Keywords: multiple realizability, morphological computation, enactivism, cognitivism, XOR.
1. From symbols to bodies
Artificial Intelligence (AI) can be approached just with an engineering frame of mind, looking for algorithms that work and are able to solve a problem. However, one can settle to a philosophical one too, and consider AI a conceptual tool to get better insight on what the mind is and how it works. Within this frame of mind, just solving problems is not enough: we want our theory to have, to a certain degree, psychological reality. We want our model to embed some of the earthly properties that human minds have. Currently, discussion is mainly around three main models concerning what the mind is: symbolic cognitivism, connectionism and the embodied mind. In this paper we adhere to the third model; in particular, to a special branch usually known as enactivism, to argue that 1) It is a more reasonable model of how the mind really works; 2) It has both theoretical and empirical benefits for AI; and 3) Can be easily implemented in simple robotic sets like Lego Mindstorms (TM).

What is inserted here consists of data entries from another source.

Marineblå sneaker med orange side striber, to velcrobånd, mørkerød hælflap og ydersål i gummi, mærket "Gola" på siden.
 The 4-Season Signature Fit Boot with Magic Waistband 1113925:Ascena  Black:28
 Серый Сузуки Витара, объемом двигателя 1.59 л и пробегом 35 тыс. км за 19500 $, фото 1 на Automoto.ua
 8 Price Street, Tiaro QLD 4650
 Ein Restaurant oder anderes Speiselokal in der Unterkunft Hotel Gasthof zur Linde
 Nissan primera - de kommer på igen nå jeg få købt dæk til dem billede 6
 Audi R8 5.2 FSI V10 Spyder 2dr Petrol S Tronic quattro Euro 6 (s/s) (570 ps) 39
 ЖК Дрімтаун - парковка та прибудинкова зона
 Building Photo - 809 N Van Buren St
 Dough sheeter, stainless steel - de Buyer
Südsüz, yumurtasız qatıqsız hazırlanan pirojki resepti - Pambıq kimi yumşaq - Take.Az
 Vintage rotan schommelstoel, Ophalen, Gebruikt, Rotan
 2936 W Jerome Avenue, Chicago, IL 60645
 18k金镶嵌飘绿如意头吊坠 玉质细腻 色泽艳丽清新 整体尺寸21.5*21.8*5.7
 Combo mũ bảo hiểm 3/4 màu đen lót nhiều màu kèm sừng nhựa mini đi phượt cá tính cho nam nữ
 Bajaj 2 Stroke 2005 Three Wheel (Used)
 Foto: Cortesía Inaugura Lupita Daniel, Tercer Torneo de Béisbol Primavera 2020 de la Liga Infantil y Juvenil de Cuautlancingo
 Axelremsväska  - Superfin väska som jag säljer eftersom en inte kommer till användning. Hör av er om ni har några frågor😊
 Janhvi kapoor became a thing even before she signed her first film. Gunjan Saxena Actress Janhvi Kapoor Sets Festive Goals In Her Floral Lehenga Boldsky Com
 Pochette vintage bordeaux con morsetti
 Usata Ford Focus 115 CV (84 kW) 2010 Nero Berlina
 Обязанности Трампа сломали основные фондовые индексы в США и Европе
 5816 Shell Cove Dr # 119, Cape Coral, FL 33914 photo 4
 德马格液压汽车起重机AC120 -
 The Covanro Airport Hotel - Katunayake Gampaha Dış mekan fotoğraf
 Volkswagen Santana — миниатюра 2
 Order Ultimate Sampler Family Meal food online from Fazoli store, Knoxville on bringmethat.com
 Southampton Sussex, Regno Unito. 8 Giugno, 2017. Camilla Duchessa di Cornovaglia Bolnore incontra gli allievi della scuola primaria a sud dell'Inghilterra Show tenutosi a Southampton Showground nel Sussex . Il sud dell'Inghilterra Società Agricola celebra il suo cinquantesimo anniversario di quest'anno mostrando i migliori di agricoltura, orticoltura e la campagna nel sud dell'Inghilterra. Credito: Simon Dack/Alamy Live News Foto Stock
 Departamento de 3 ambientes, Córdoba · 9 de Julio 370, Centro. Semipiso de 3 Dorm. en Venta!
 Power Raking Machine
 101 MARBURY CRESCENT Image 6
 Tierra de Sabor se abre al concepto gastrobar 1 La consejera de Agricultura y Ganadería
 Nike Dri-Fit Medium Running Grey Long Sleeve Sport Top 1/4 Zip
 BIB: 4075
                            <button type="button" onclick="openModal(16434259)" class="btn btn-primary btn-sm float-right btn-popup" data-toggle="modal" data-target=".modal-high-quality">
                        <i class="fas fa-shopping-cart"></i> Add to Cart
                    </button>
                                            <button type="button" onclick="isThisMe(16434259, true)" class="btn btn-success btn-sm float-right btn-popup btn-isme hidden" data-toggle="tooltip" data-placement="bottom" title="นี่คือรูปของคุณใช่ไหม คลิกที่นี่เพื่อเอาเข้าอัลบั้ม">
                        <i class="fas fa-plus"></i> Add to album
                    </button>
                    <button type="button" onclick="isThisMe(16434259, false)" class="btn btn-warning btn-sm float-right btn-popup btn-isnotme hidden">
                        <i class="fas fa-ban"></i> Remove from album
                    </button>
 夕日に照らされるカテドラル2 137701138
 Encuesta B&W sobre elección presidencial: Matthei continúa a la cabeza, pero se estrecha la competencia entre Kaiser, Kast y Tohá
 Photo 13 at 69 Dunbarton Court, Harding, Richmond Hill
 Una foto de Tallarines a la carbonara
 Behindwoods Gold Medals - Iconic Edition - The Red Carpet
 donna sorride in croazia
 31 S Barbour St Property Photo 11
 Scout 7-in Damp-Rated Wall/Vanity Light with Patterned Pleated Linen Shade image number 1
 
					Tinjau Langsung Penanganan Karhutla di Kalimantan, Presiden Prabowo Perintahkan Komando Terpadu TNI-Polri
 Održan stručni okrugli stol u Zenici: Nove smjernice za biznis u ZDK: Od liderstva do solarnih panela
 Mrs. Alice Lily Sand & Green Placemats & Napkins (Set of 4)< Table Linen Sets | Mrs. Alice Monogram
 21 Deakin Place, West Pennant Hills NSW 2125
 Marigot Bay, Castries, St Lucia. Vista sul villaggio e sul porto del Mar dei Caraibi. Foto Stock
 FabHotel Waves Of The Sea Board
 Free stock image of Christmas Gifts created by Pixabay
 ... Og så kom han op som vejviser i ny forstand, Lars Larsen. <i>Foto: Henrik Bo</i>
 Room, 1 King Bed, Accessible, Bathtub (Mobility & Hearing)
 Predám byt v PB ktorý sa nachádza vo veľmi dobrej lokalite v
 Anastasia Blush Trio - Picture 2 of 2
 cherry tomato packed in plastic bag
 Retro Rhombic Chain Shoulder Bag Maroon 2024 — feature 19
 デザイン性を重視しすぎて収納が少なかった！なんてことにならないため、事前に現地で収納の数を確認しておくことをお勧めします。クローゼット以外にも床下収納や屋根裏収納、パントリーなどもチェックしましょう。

Much has already been written about the differences between these three mind models, and which is the superior one. To our understanding, despite their success in creating models on subjects like mathematical reasoning, face recognition, visual perception or even creating artworks, both the cognitivist and the connectionist approaches have one major flaw which is of considerable philosophical importance: they cannot produce a credible account of the relationship between mind and world. Being local symbolic representations or distributed subsymbolic representations, both models are based on an abstract reconstruction of a specific domain of the physical world, both the selection and the way representations are connected to real life events and objects has been articulated beforehand by the cognitive system (Thompson 2007). Connectionism tries to generate a more plausible description of the mind, trying to better capture its neurological basis. This leads to a more dynamic account of representations: instead of being something stable, they are distributed along the whole system as well as self-organised, having certain co-variation with the environment. However, both symbolic cognitivism and connectionism consider the world and the mind as two completely different entities, with a very much regulated protocol of interaction.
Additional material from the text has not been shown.